To start, let’s define what your “best” customer looks like.  The specifics will vary by business, but all customers have one thing in common: they buy things. In general, a good customer is one who buys often, spends a lot, and intends on continuing this activity over time.  As long as we are recording who buys what and when, then we have enough information to begin separating the best customers from the rest.  With knowledge of who these customers are and their key characteristics, we can look at what the best customers have in common and devise ways to target and acquire more.


There are many different machine learning algorithms that can help us automate the analysis. The decision of which to use can differ based on the data available and what is most important to your business, but they all work in the same general way by continuously iterating to adjust model parameters and improve accuracy.  There are many benefits of using machine learning models:

  • They can recognize patterns that you may never have noticed.
  • They are never “done.”  They can constantly get smarter as more data is fed into them and can make subtle adjustments to correct for changes in the business.
  • They can utilize exponentially more data than a human could, and in a fraction of the time.
  • The output of the models can be used to automate decision making processes that would normally take weeks or months.  For example, if your organization needs to decide  “is it actually worth it to send out coupons to this subset of our customers?”  Automating this decision could entail establishing cutoff points based on a customer’s propensity to engage and price sensitivity to maximize the value of the couponing program.

Examples of Machine Learning Algorithms

There are two commonly used algorithms that will solve this business question.  One type of model that generates a lot of interest is a customer segmentation model.  A segmentation model takes the data you have and separates customers into segments that have similar characteristics.  Because there is no specific value we are trying to predict, the analyst and business users work together to identify what models are both statistically significant and actionable for the business.

Customer Segmentation

The K-means clustering algorithm is an example of a commonly-used segmentation model.  It starts by randomly defining groups and incrementally updating them so similar customers end up being grouped together.  The result is a handful of groupings that can be investigated further to identify what the segments’ defining characteristics are.  Here is an example where we are segmenting customers with machine learning based on their average purchase size and income.

Kmeans Example

In this case we used K=3. The Kmeans algorithm randomly defines “K” centers and assigns each customer to its nearest center.  Then it iterates by moving the centers to the average of its assigned customers and then reassigning.

Customer Lifetime Value

Another commonly used model is a “Customer Lifetime Value” model (CLTV).  CLTV models predict the expected value that will come from each customer.  At their simplest, they can use data speaking to purchasing behavior (last purchase date, number of purchases, and money spent) to predict what we expect each customer to spend over a specified time period.  At their most advanced, they can include referral and cost to maintain, as well as how much customers will spend themselves. Once you know how much a customer’s spending is worth to your business, then you know what you may be willing to spend in marketing and other costs.  When paired with a clustering model, the projected value can be used to see which segments and characteristics are most or least valuable to your business.

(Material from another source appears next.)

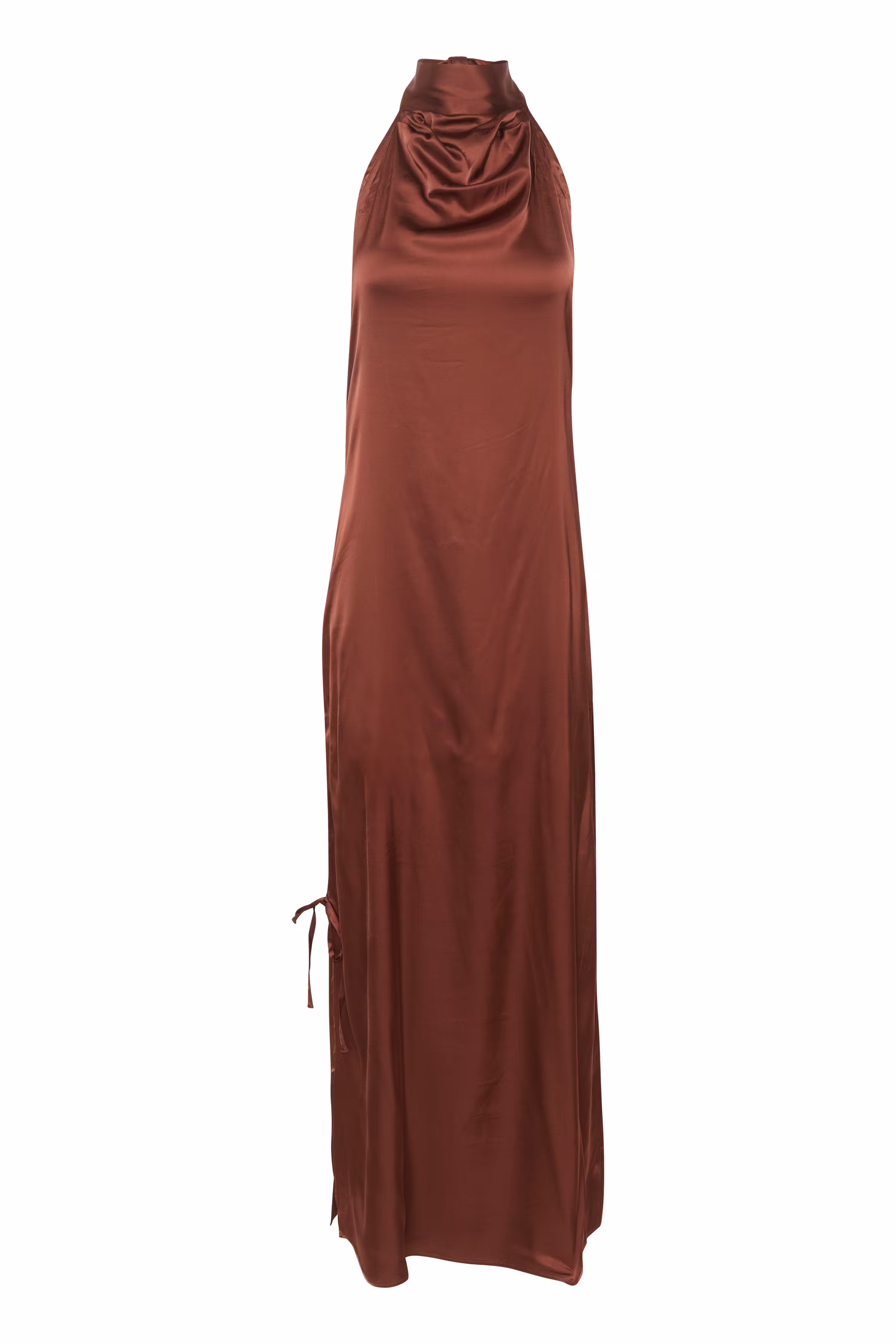 WaleryGZ Kleid PACK FRONT 10908960-105509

Image by Nicky Cane from ‘Why Should You Care About Customer Lifetime Value?

How to Get Started

Machine learning can seem overwhelming, and if you haven’t gotten started with its implementation, you are certainly not alone.  Many companies haven’t taken their first steps simply because they don’t know where to begin. For others, it’s seen as something you can tackle when you’ve “made it” with your data and analytics strategy. These concerns are understandable, but getting value from machine learning may be much easier than you think.

You probably already have data on transactions: customer, product, location, time, and price.  As long as you have the basics, you have enough for a simple customer analysis, and that analysis can evolve over time as you collect more data.